Prokofiev: Symphony-Concerto

This beautifully engineered live recording of Prokofiev’s Symphony Concerto, given in Rotterdam’s De Doelen in November 2007, is on the whole a very impressive achievement.

Our rating

5

Published: January 20, 2012 at 4:24 pm

COMPOSERS: A Tcherepnin,Crumb,Prokofiev
LABELS: Channel
WORKS: Prokofiev: Symphony-Concerto; A Tcherepnin: Suite for cello solo; Crumb: Sonata for cello solo
PERFORMER: Pieter Wispelwey (cello); Rotterdam PO/Vassily Sinaisky
CATALOGUE NO: CCS SA 27909 (hybrid CD/SACD)

This beautifully engineered live recording of Prokofiev’s Symphony Concerto, given in Rotterdam’s De Doelen in November 2007, is on the whole a very impressive achievement.

As always, Pieter Wispelwey is a charismatic soloist who, for the most part, carries his audience through Prokofiev’s epic narrative with a good deal of conviction, embracing wholeheartedly the work’s vast array of emotions, which, in the central movement, move schizophrenically from moments of tenderness and nostalgia to those of aggression and anguish. Wispelwey is also particularly good at creating a sense of coherence in the cadenza passages. In lesser hands, these sections often give the impression that the composer is merely marking time.

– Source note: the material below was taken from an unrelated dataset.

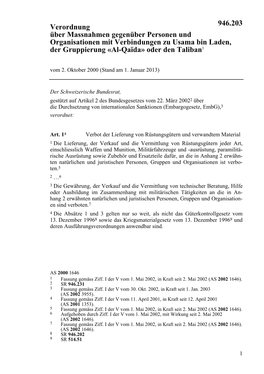 Verordnung Über Massnahmen Gegenüber Personen Und Organisationen Mit Verbindungen Zu Usama Bin Laden, Der Gruppierung «Al-Qaïda» Oder Den Taliban1 Vom 2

Not everything, however, is completely convincing. I have some reservations about the opening Andante which strikes me as being a little too contemplative, requiring greater momentum and urgency – qualities which are more apparent in Truls Mørk’s outstanding recording for Virgin Classics. I also wonder whether Wispelwey lingers too much over the beautiful second theme in the ensuing Allegro, beautiful as it sounds.

There are no such qualms, however, about the orchestral contribution from the Rotterdam Philharmonic under Vassily Sinaisky, which demonstrates an innate feeling for the idiosyncratic colouring of Prokofiev’s orchestration from the very first ominous pedal note in the tuba. Erik Levi

The two unaccompanied cello pieces provide an extremely enterprising coupling. Wispelwey draws a wonderfully haunting melodic line through the Oriental inflections of the Tcherepnin, while the Crumb, an early work strongly influenced by Bartók, is no less compelling.